Some people are just not very loving and are selfish. They assume everyone else feels just the same. They seem to consider romance as being something you do until you have kids or are married.

If he will not accept that you have needs that are not being met maybe he never will. My mom left my dad for that reason.


----------



## jld (Dec 1, 2013)

If I were you, I would change things on the sexual front. Maybe it is just me, but I would start being available daily.

As a SAHM with a baby, you are in a dependent position. He will be easier to live with if he is getting regular sex. Meanwhile, you figure out a plan for your own future.

And I am sorry if I sound pessimistic.


----------



## CuddleBug (Nov 26, 2012)

Anne1978 said:


> I have been married for almost 9 years and have two kids with my husband. In the beginning, our relationship was good. We talked about everything, went out, had friends over all the time, and our sex life was great. After I had my first daughter, I suddenly felt abandoned and on my own. After I had my second daughter, I felt even worse. The reason for this is because he seems to have no patience for his own kids or me. Another reason is that he pays no attention to me unless he wants sex. He won't communicate with me, we never do anything together anymore, always forgets my birthday, never buys me gifts, spends little to no time with me, it feels like I'm a single mom living with a roommate and not a husband. When he's not working, he's laying on the couch watching tv or socializing with his friends. I have lost all emotional connections with him which makes sex something I avoid doing because I just don't feel the connection. Even when we do have sex, I can't wait to get it over with. I will be honest that this happens only once a month and now he is telling me that he will find someone else if I don't fulfill his needs. I just don't know what to do..I've tried telling him that I don't feel loved, that we have grown distant but he doesn't seem to see the problem or just doesn't want to. I have considered leaving him, but literally have nowhere to go nor anyone to help me. I'm a stay at home mom with no job and just really desperate for a change in my marriage..I feel like I'm going to lost my mind very soon..any advice is welcome...

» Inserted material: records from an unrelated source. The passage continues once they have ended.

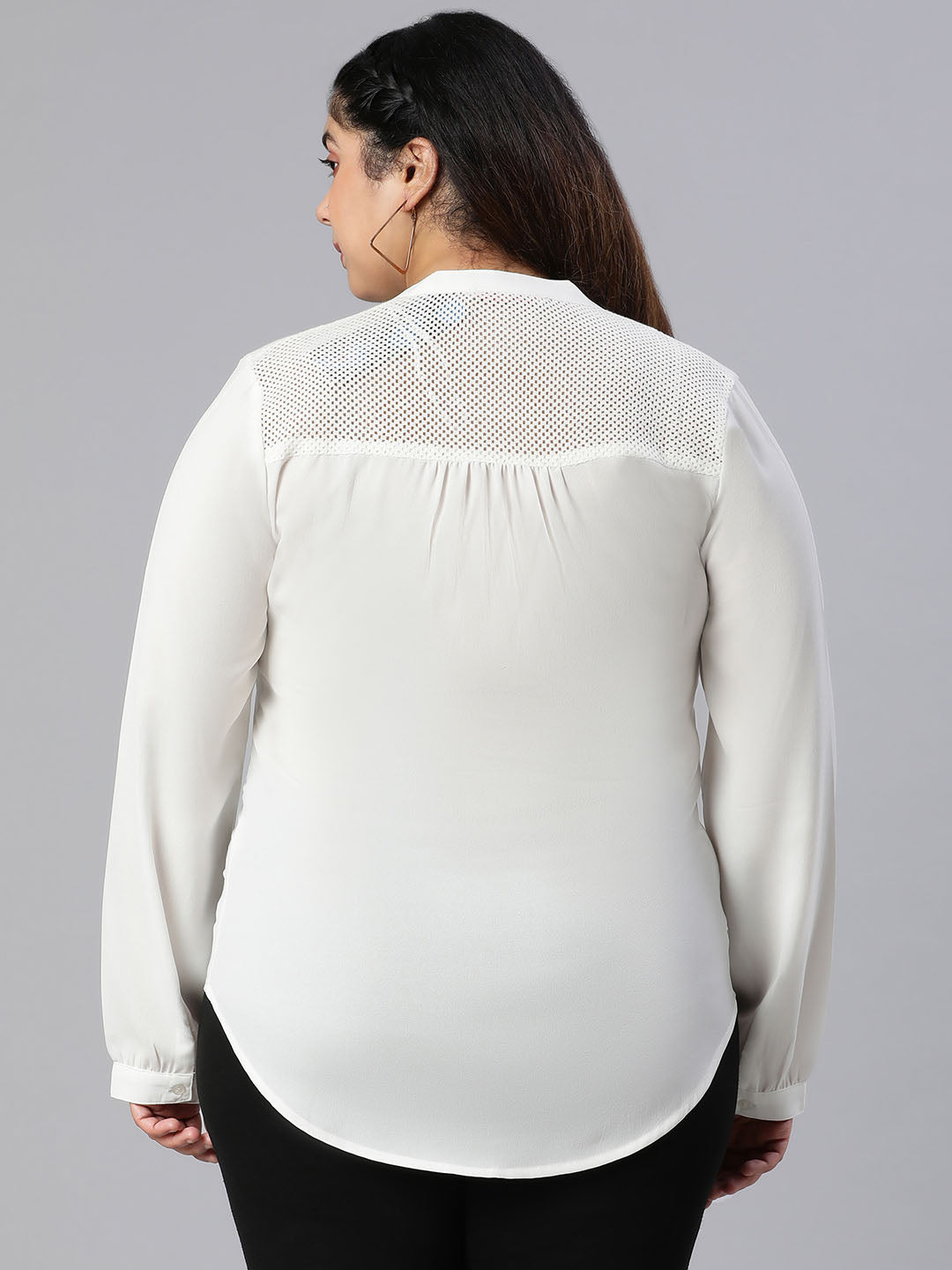 Canvas White Party Wear Plus Size Women Top Now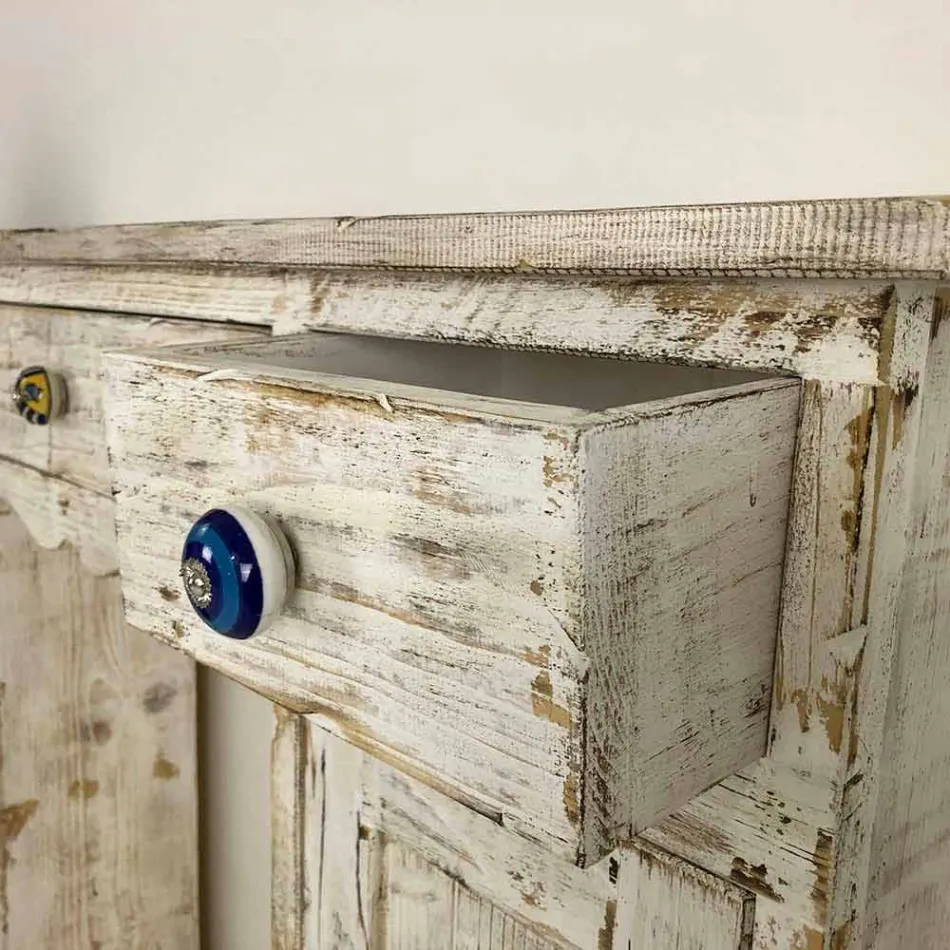 Handcrafted Consolle in Solid Fir Wood Made in Italy - Carminia Viadurini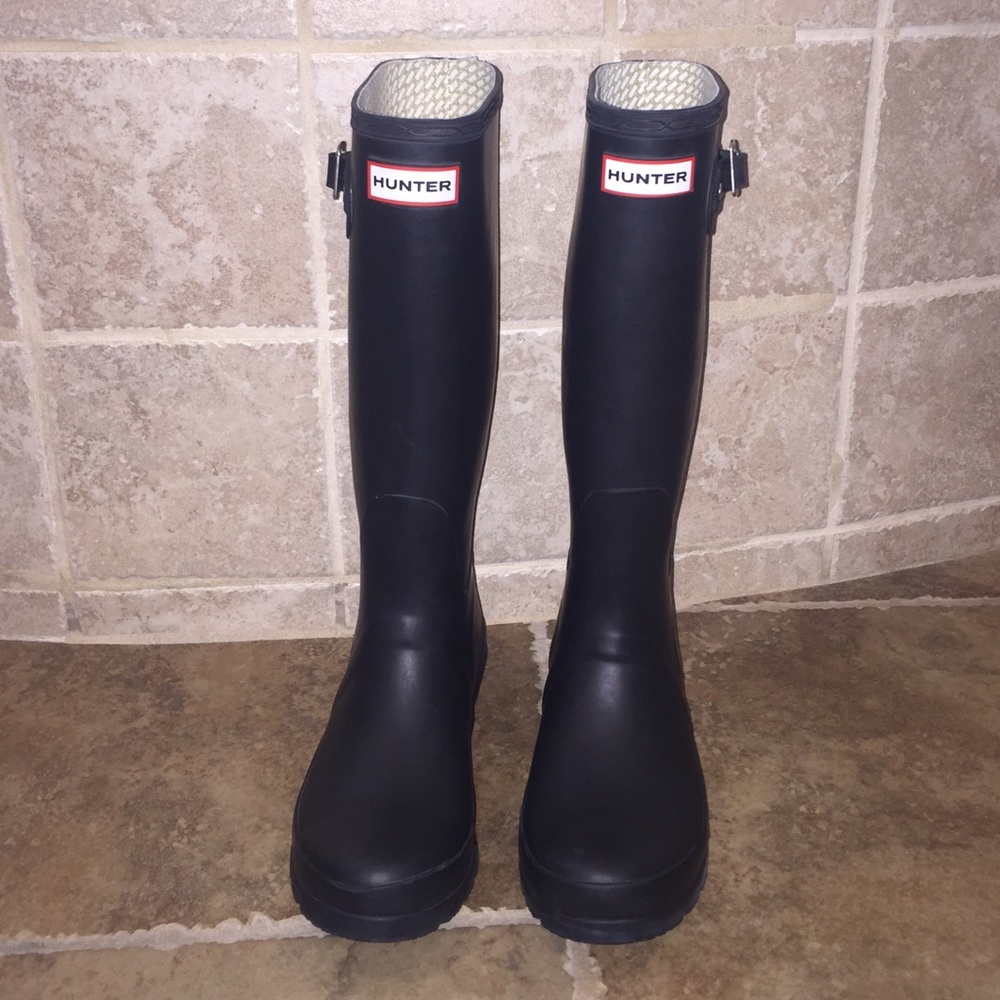 Hunter tall black boots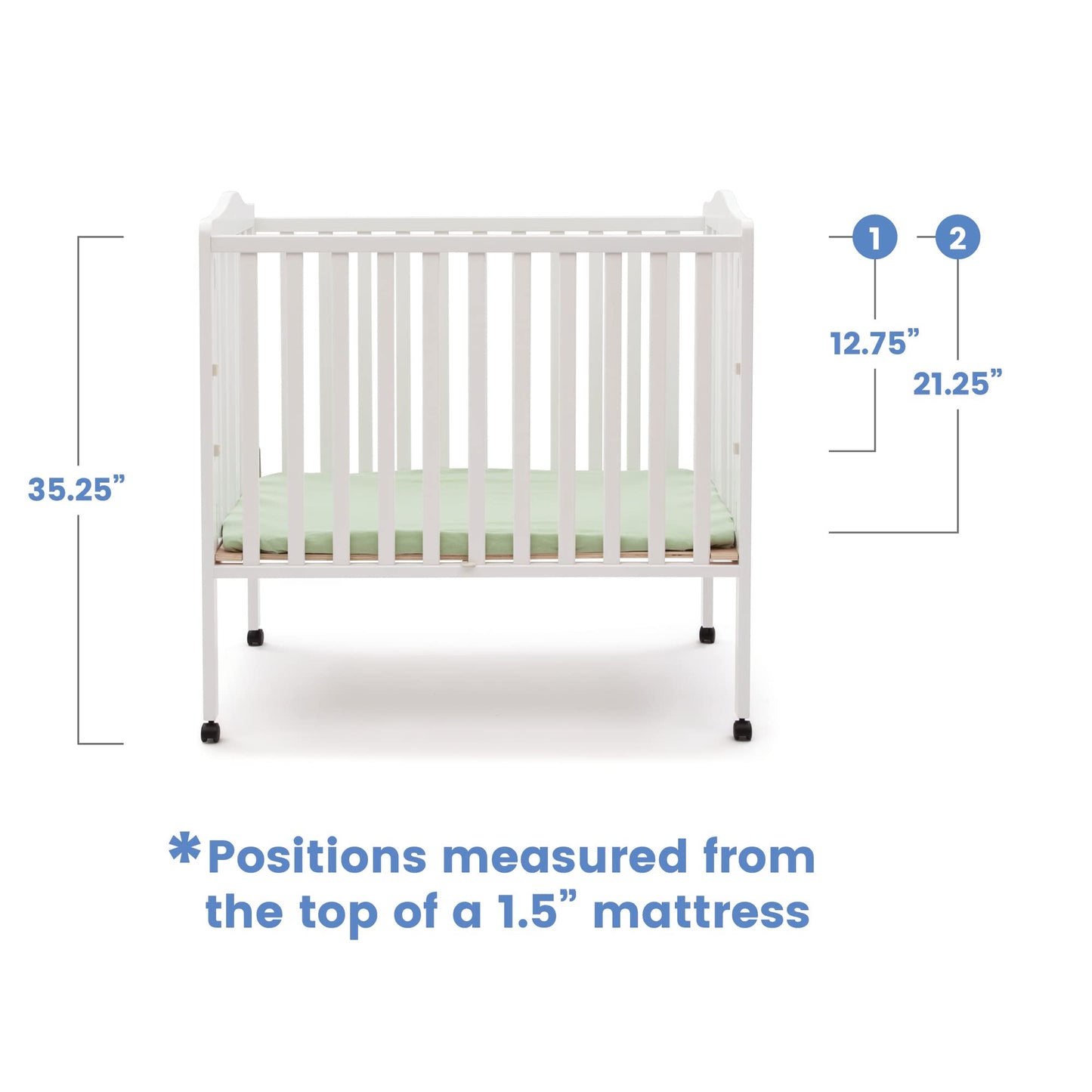 Delta Children Folding Portable Mini Baby Crib with 1.5-inch Mattress - Greenguard Gold Certified, White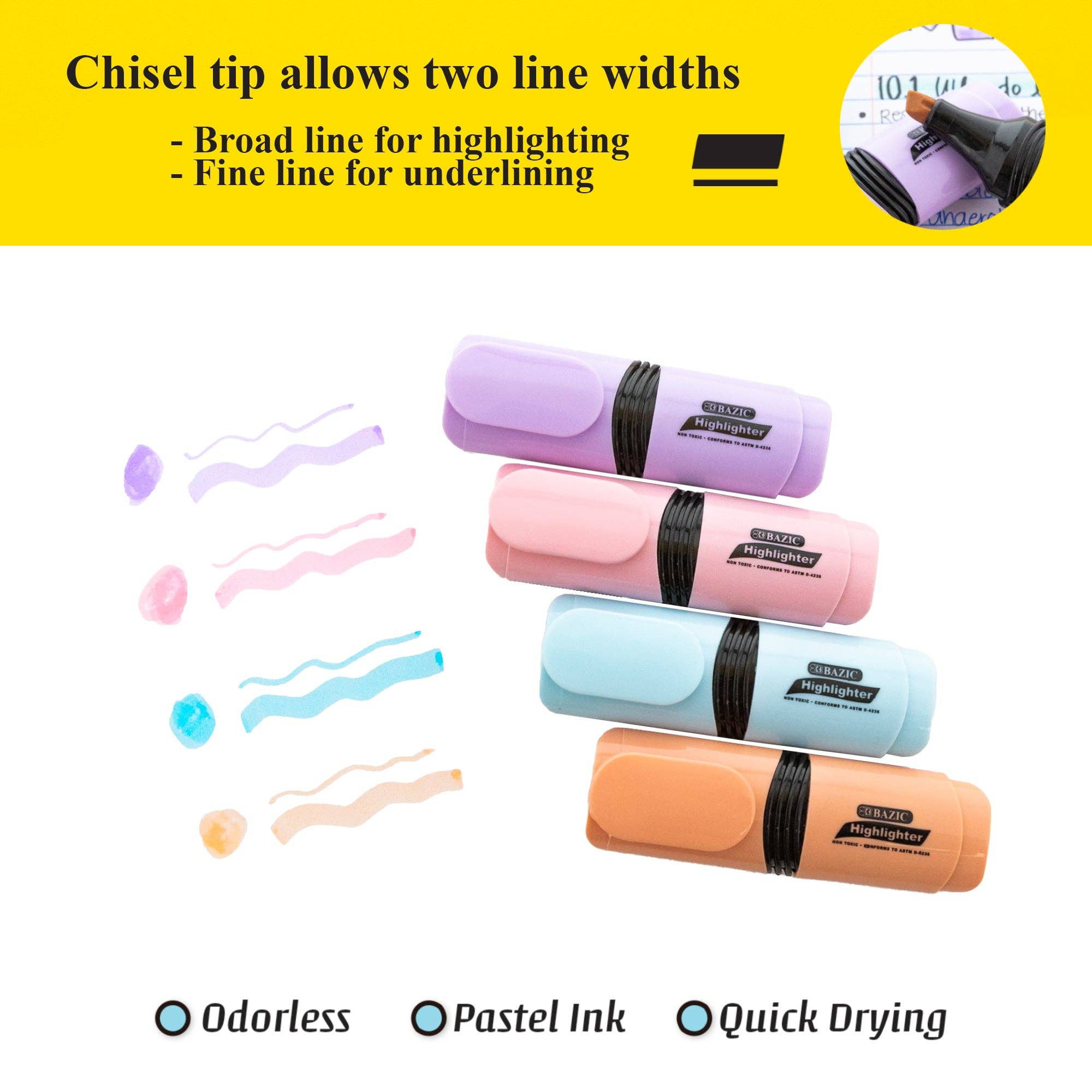 Luna Office Supply -  Everyday Essential - Wholesale Highlighter - Desk Style Pastel Mini Highlighters (4/Pack)1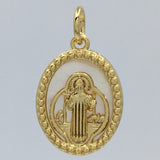 Saint Benedict Oval Gold on Pearl Charm | Bellaire Wholesale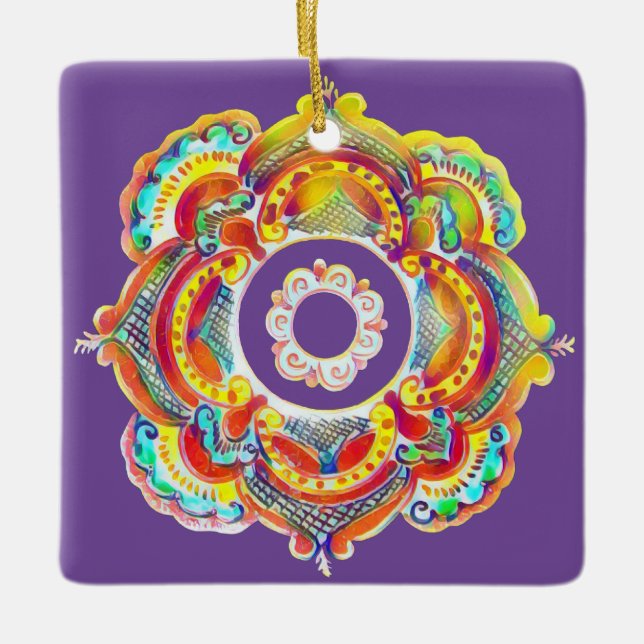 Traditional ukrainian folk decor  ceramic ornament (Front)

It sounds like your hubby isn't marriage and kids material. He's meant for dating, having fun and sex. That's my impression.

I make the effort to always remember my wifee's birthdays and our anniversaries. And I'm getting perfect at completely surprising her too.

Maybe after having two beautiful kids, he is stressed out from supporting all three of you? So he goes out with the guys, relaxes at home after work and wants sex?

I know for me, sex unstresses me more than any talking with ever do. It also bonds me to Mrs.CuddleBug in more ways than she will ever realize. More sex = I'm very close to her. Sex only 1x month = room mate.

I make the effort to eat with my wifee, listen to her day, text her with my new iphone 6, cuddle on the couch and give her long kisses before we both go to work. And she makes the effort for sex.

My wifee told me if I did all these things, I didn't so much in the past, that she would want sex more with me. So I did and the sex didn't increase much at all.....After we took the 5 love languages quiz and compared, we learned what each others main love languages are and went from there. She also was a big girl and has now lost 50+ lbs and is completely changing.....more sex from both of these. My wifee is Acts of Service rating 12 were as I am Physical rating 12.

http://www.5lovelanguages.com/profile/

I need sex because I am a HD guy. I can't have sex 1x month anymore like we did for almost 15 years of our marriage because Mrs.CuddleBug is LD. She is now more average drive I would say but can still let the sex slide to nothing for weeks.

Start doing things for yourself. Hobbies, and a part time job.

If you initiated adventurous sex with him, say 3 - 4x each week, would that get him more into you, close, talking, bonding with you or no?

I know if my wifee went back to sex 1 - 2x month, we would be room mates and not do much together.


----------